Découvrir le cinéma de Federico Fellini avec La Strada; parce qu’on a alors 8 ou ans, le retrouver vingt-cinq ans plus tard en DVD dans la médiocre retranscription française sabotée par l’affreux René Château ; faire cela un soir de mauvaise humeur ; et de cette façon en écrire un méchant avis assez puéril ; se le reprocher parce que l’on est un être scrupuleux et exigeant ; se dire que désormais; les années passées on a suffisamment exploré le continent fellinien et que, même si on ne lui a jamais trouvé les pics et les éminences qu’on aurait espéré y déceler, on peut l’avoir apprécié de plus en plus et aussi lui trouver, grâce à La dolce Vita ou à Et vogue le navire d’immenses qualités…

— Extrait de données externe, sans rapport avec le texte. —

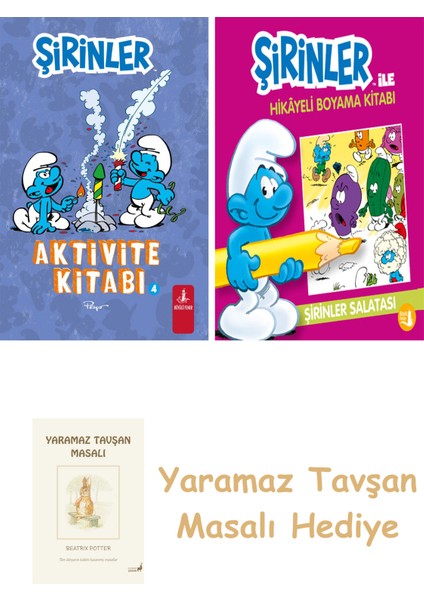 Şirinler - Aktivite Kitabı 4 + Şirinler ile Hikayeli Boyama Kitabı - Şirinler Salatası + Yaramaz Tavşan Masalı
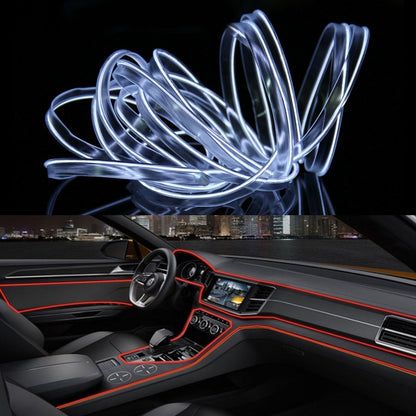 Car LED strip light on spool, emitting cool white light in flexible tube lines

Revenir à La strada ; n’en n’être pas ébloui comme on l’espérait secrètement pouvoir l’être, mais en rehausser la place dans son Panthéon personnel ; se confirmer qu’on est toujours aussi exaspéré par la mélodie écrite par Nino Rota qui ne fut pourtant pas pour rien dans le succès public du film, qui en est un des fils conducteurs et sert même à sa conclusion.
Se dire que le coup de génie de Federico Fellini, c’est la distribution des rôles et que la seule possibilité que son récit pût fonctionner était bien d’employer de tels acteurs.
D’abord Anthony Quinn, au physique taillé à la hache qui pouvait, par la qualité de son jeu, se rendre aussi rustre, sauvage, violent, sommaire et esseulé que le personnage de Zampano exigeait qu’il fût. Il est vrai, pourtant, comme on l’a sagement remarqué, qu’il est un mystère complet : on comprend bien d’où est issue Gelsomina, la misère de cette Italie qui ne va connaître son miracle que peu à peu, on ne plonge pas dans le passé de Zampano, les claques reçues, l’abandon possible, l’enfance vécue comme un calvaire… Enfin, tout ça fait partie des hypothèses.
Les paysages de banlieues tristes et de terrains vagues, parfaitement désespérants, sont filmés sans complaisance et le climat de l’Italie exsangue d’après-guerre devrait nous parler davantage : je ne me souviens pas avoir vu représentée la France de l’époque dans cette même désolation ; ce qui m’y fait le plus songer, c’est l’Espagne du Luis Buñuel du début : Terre sans pain, par exemple ; presque le Tiers-Monde…
Mais j’ai déjà écrit que j’avais un problème avec cet immense réalisateur.